Give yourself permission to make — and cancel — plans
Soffer says she personally likes to make plans for such occasions in advance, whether they're social or solitary. But she also gives herself full permission to call them off if she's not feeling up to it when the day arrives.
She encourages others to do the same, with no apologies necessary.
"No one can ever anticipate fully how they're going to feel when a day actually comes or an event actually comes," she adds. "And you need to be kind to yourself and let the day be the day."
That said, Soffer notes there are certain things you can do to plan ahead for the holiday, like managing your social media intake and unsubscribing from those marketing emails.
But she also stresses that every year will feel different, and encourages people to take it one day at a time.
"If this time is really, really hard, I promise you that that doesn't mean that every single time, without fail, is going to be that level of hard," Soffer says, adding that some years will be more emotionally charged than others. "Don't worry yourself with wondering how you're going to get through every single one of these days for the rest of your life.

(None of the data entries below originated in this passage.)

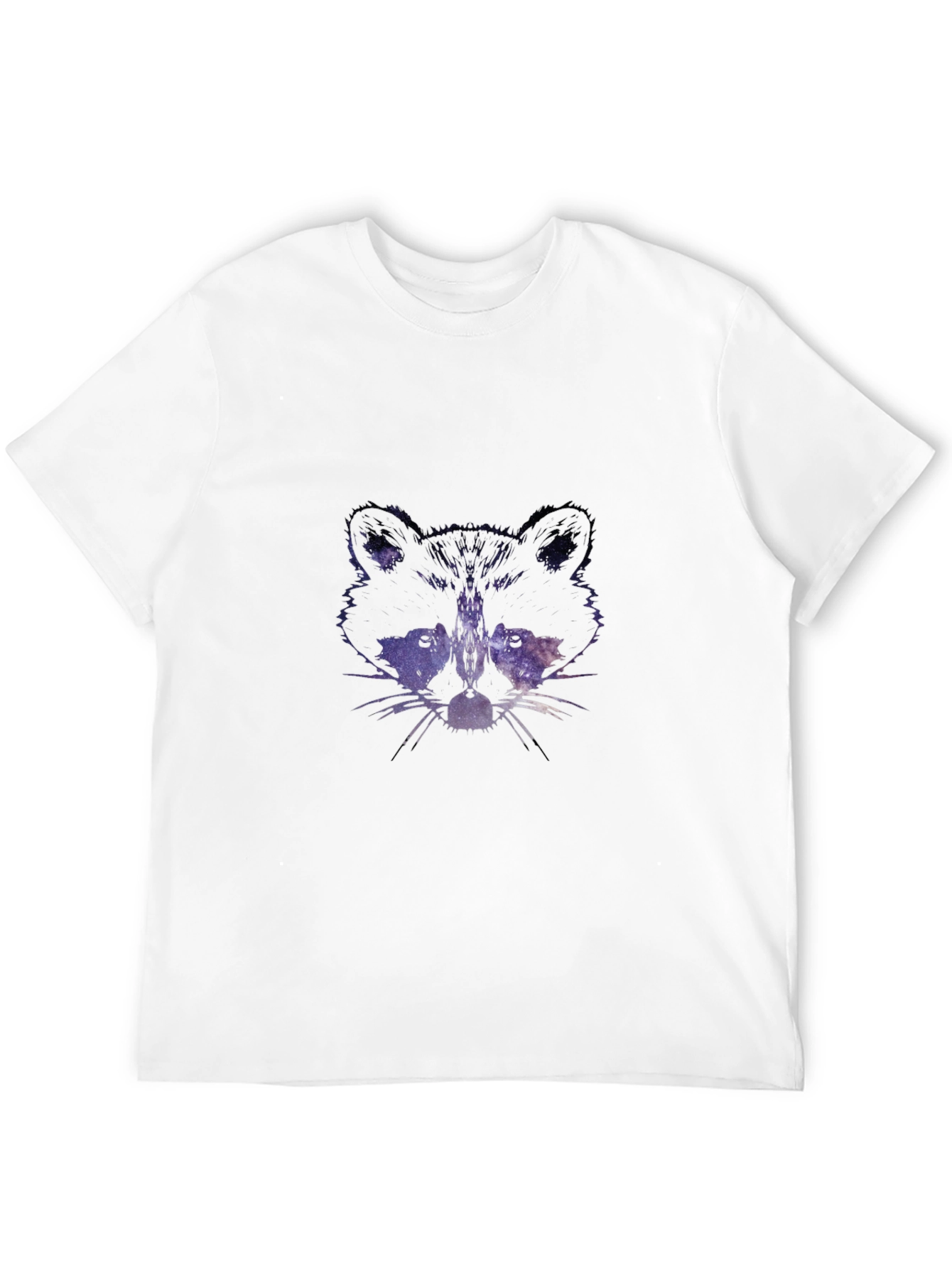 Galaxy Raccoon Graphic Tee - Black T-Shirt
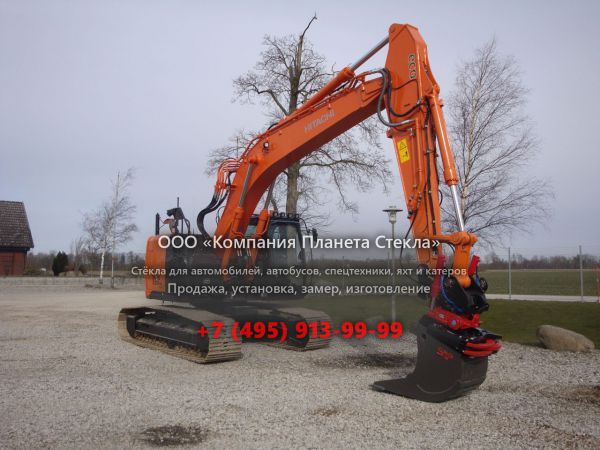 Стекло для гусеничных экскаваторов Hitachi EX225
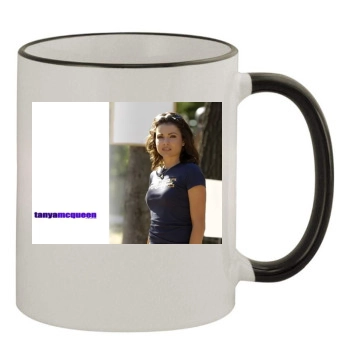 Tanya Mcqueen 11oz Colored Rim & Handle Mug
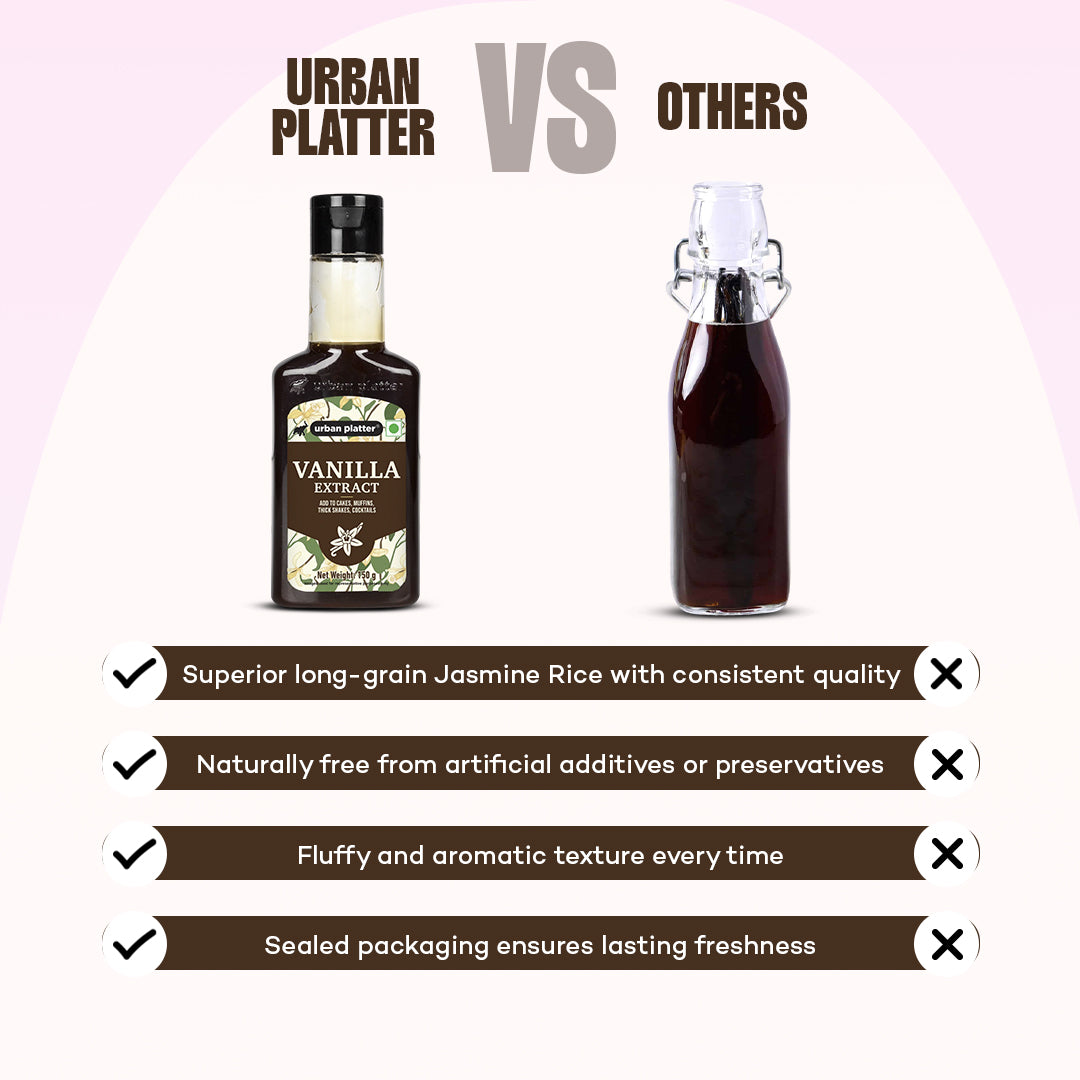 Urban Platter Vanilla Extract, 150g (Ideal for Baking | Madagascar Bourbon Vanilla Extract | Alcohol-Free)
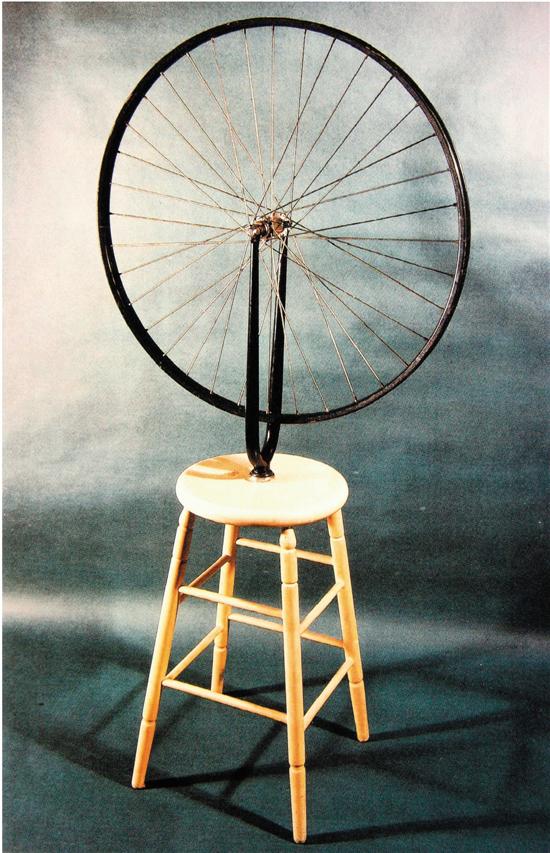 杜尚  自行车轮 1913年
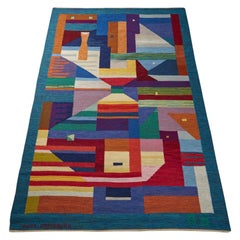 Vintage Rug “Dream vision” Designed by Agda Österberg, Sweden, 1970s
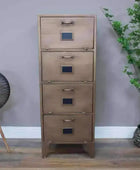 Tall Industrial Inspired Metal Cabinet - The Farthing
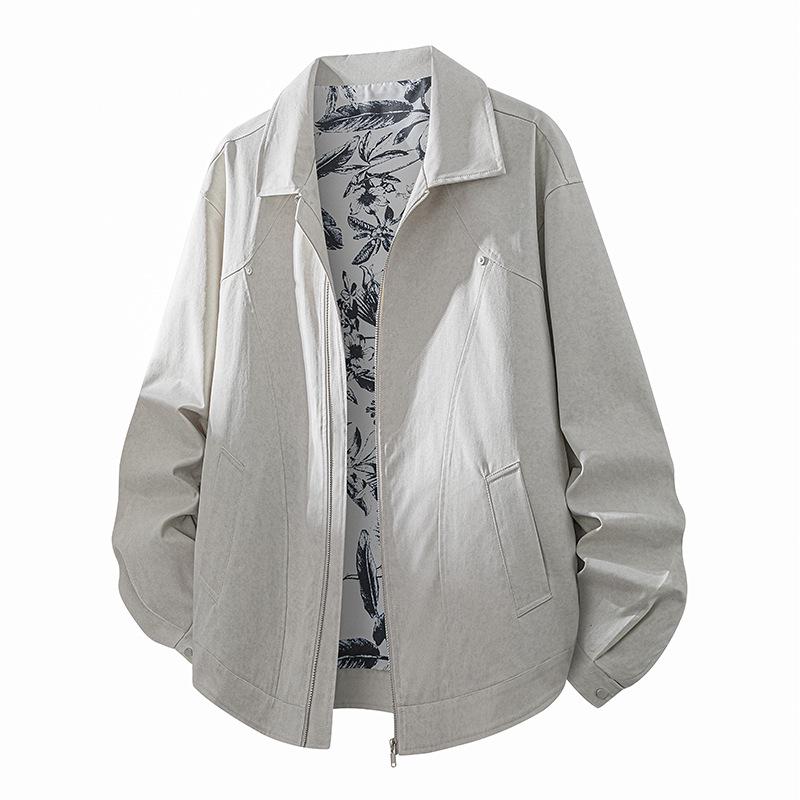 Men's Trendy Lapel Jacket: Spring & Autumn Plus Size Casual Outerwear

Just get through this one, and make it to Monday."
Do something for yourself — and maybe a loved one or even a stranger
When it comes to the day itself, Soffer's advice is to "think about where you're at emotionally in the moment, and try to make a plan around it."
There are many different ways to make Mother's Day and Father's Day bearable and even meaningful, she says.
For example: If gratitude and gift-giving are important to you, you can still buy a nice present and write a card for yourself, or donate a gift to someone else (especially if they are also grieving, or play an important role in your life).
The Modern Loss movement that Soffer helped create does a gift swap on Mother's Day and other occasions, in which people who find the holiday triggering can sign up to be matched with another person, with whom they'll exchange cards or presents.
People can set up similar swaps of their own with friends either in person or using social media, Soffer says.
"Living with loss is always so hard, but when you feel like you're not the only one living with loss in your life, and you feel like you have somebody who is giving you an ongoing invitation to talk about this stuff whenever you need to, that's when you can feel even just a little bit less alone," she says.
Another way to mark the holiday is by asking people — on social media or over email, for example — to share memories and anecdotes of your loved one so that you can learn new things about them.
You can also bake your loved one a cake or cook their favorite meal, which Soffer says is an especially great way to get kids involved, pass down stories and celebrate the person.
You might also want to do something in this person's name, like performing an act of kindness, such as volunteering, in their honor.
What to say to a grieving friend or colleague
Perhaps you want to let a friend know that you're thinking of them on these holidays, but are worried about bringing up something upsetting.
Soffer believes that it's better to reach out than let their loss be the elephant in the room. She says even if this person doesn't want to talk, they'll remember that you showed up for them.
So what exactly should that text say?
Soffer suggests acknowledging that the day might be hard, telling them they're in your thoughts and letting them know you're here to talk, to listen, to drink or whatever they may need. The closer you are to someone, the more specific your offer can be.
If they want to talk, you could ask them whether there are memories or a specific story they would like to share about that person.
If they don't, and if you're really not sure what to say, Soffer says you could always lead with that.
"The easiest thing to say is 'I wish I knew the perfect thing to say, and I don't ... but I really care about you, and I'm so upset that you have to go through this. And I'm here,' " she adds. "Make it clear that you're not scared off by this stuff, you're not going anywhere. And that's what people need, more than anything."